Data section
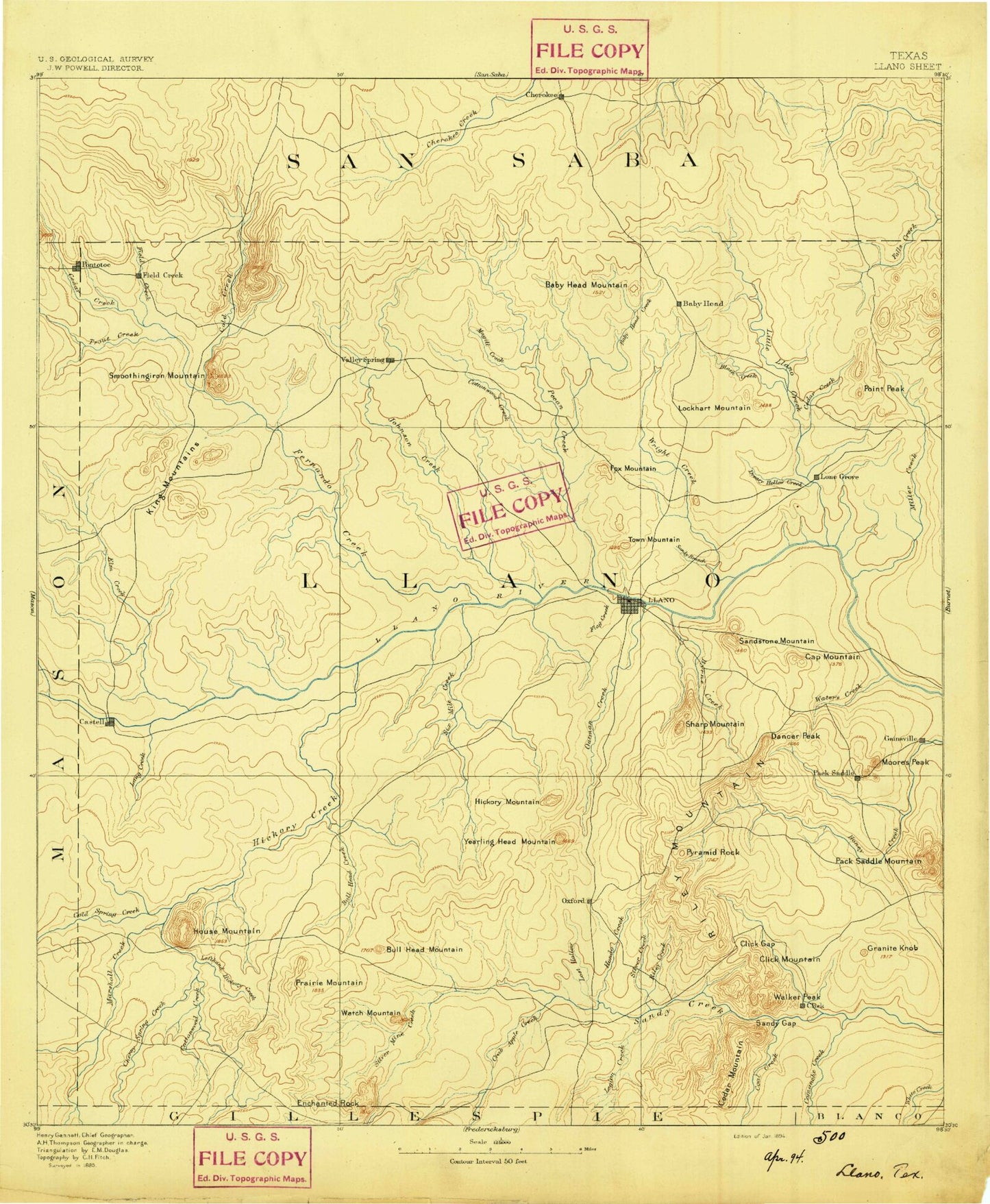Historic 1894 Llano Texas 30'x30' Topo Map Image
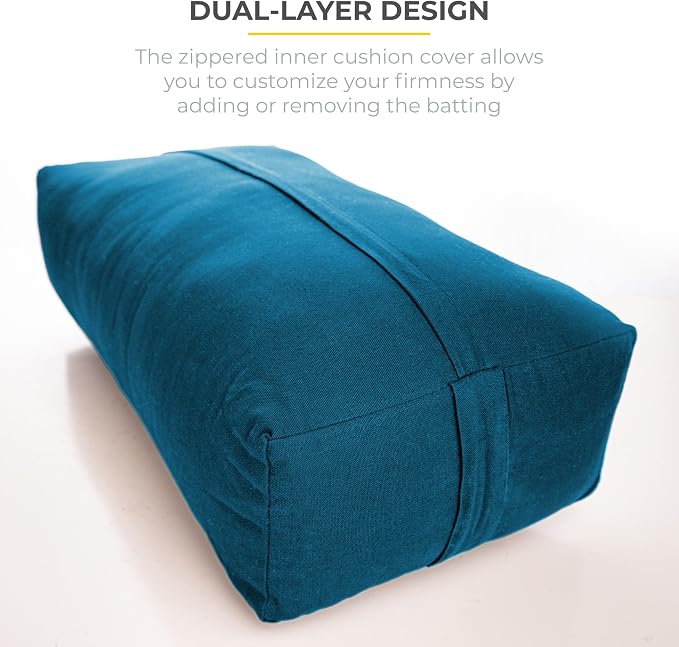 Extra Firm Large Yoga Bolster, 24" x 12" x 6" Cinched OR Zippered Yoga Pillow, Rectangular Cotton Cushion With Removable Cover for Studios, 1 Pack or 2 Pack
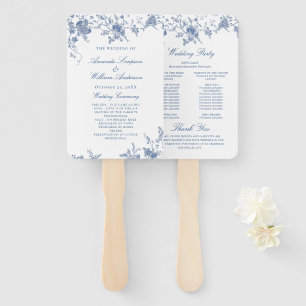 Elegantes Hochzeitsprogramm für Viktorianische Blu Fächer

Instructions to follow
Nothing but the lines from the line containing "Extra Firm Large" through the last line of the material may be output, and they must be copied exactly, without pictures.

Solution to this problem
 Extra Firm Large Yoga Bolster, 24" x 12" x 6" Cinched OR Zippered Yoga Pillow, Rectangular Cotton Cushion With Removable Cover for Studios, 1 Pack or 2 Pack
 Elegantes Hochzeitsprogramm für Viktorianische Blu Fächer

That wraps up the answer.